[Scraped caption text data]
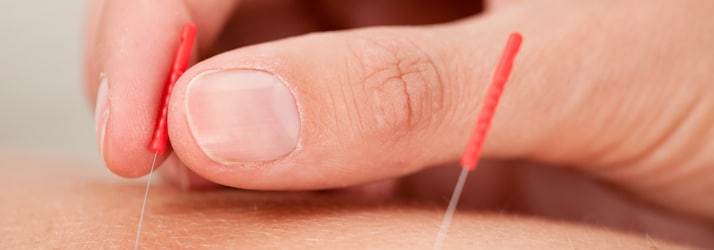 Acupuncture in Bremerton WA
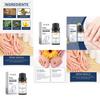 Ouhoe Nourishing Nail Repair Essence For Healthy Strong Clean Nails And Toenails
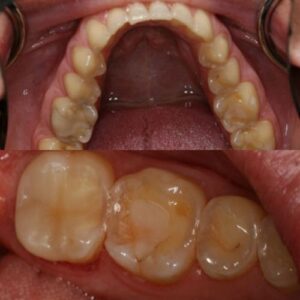 Comparison Before and After Onlays Treatment in Wesley Chapel FL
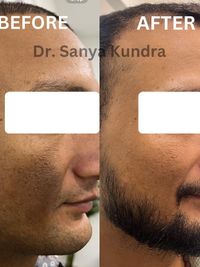 Non-Surgical Hair Restoration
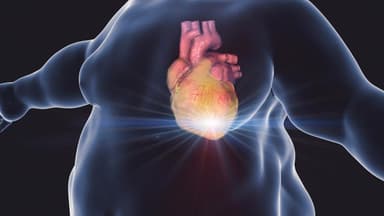 Béo phì có gây đột quỵ không?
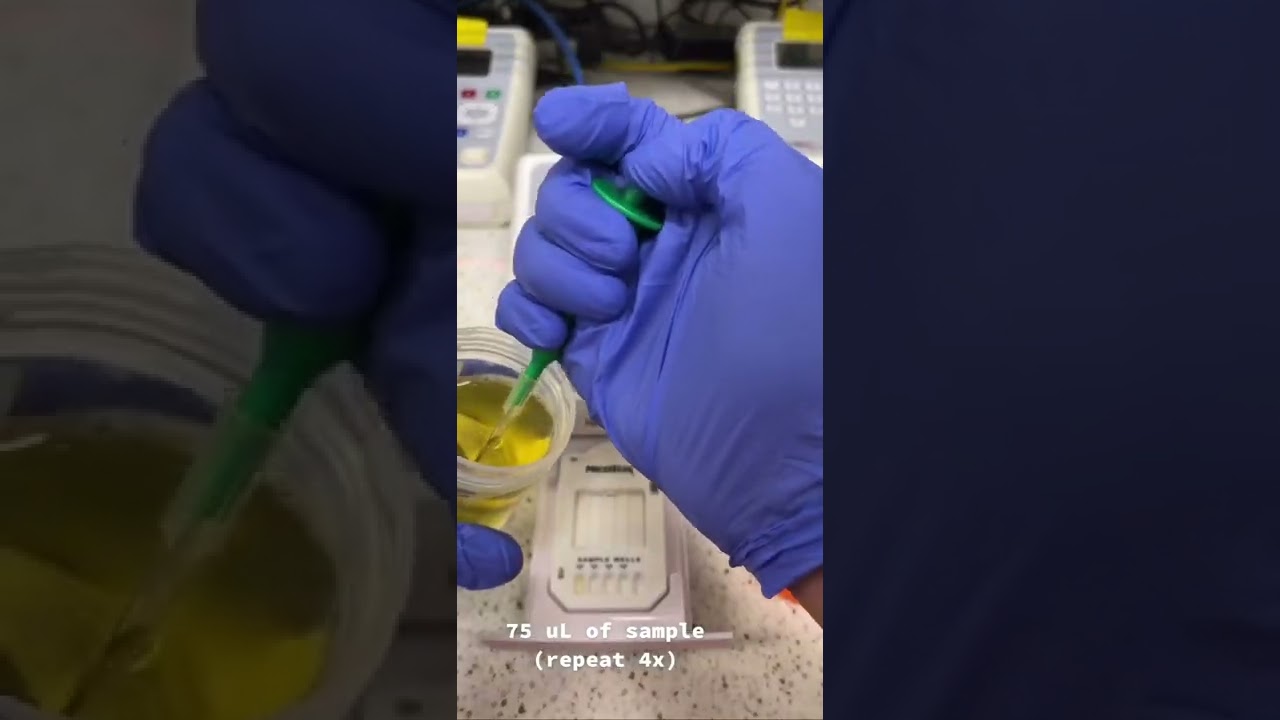 Urine Drug Screen: How it&rsquo;s Done 🧪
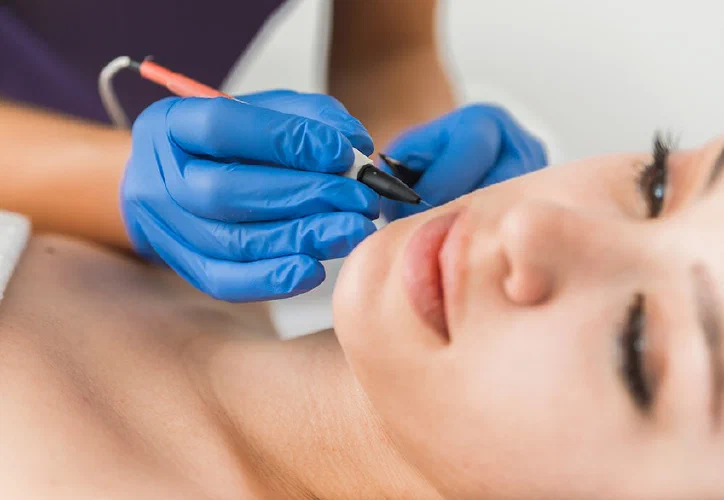 Electrolysis Refresher related image
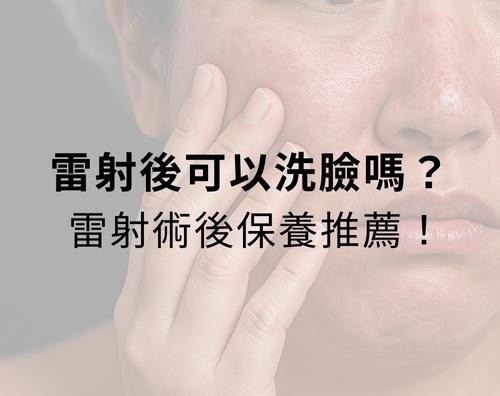 雷射後可以洗臉嗎？雷射術後保養推薦！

Task instructions:
Print exactly the lines above that run from the one with "Ouhoe Nourishing Nail" down to the one with "Electrolysis Refresher related image", and omit the pictures.

Answer to the exercise:
 Ouhoe Nourishing Nail Repair Essence For Healthy Strong Clean Nails And Toenails
 Comparison Before and After Onlays Treatment in Wesley Chapel FL
 Non-Surgical Hair Restoration
 Béo phì có gây đột quỵ không?
 Urine Drug Screen: How it&rsquo;s Done 🧪
 Electrolysis Refresher related image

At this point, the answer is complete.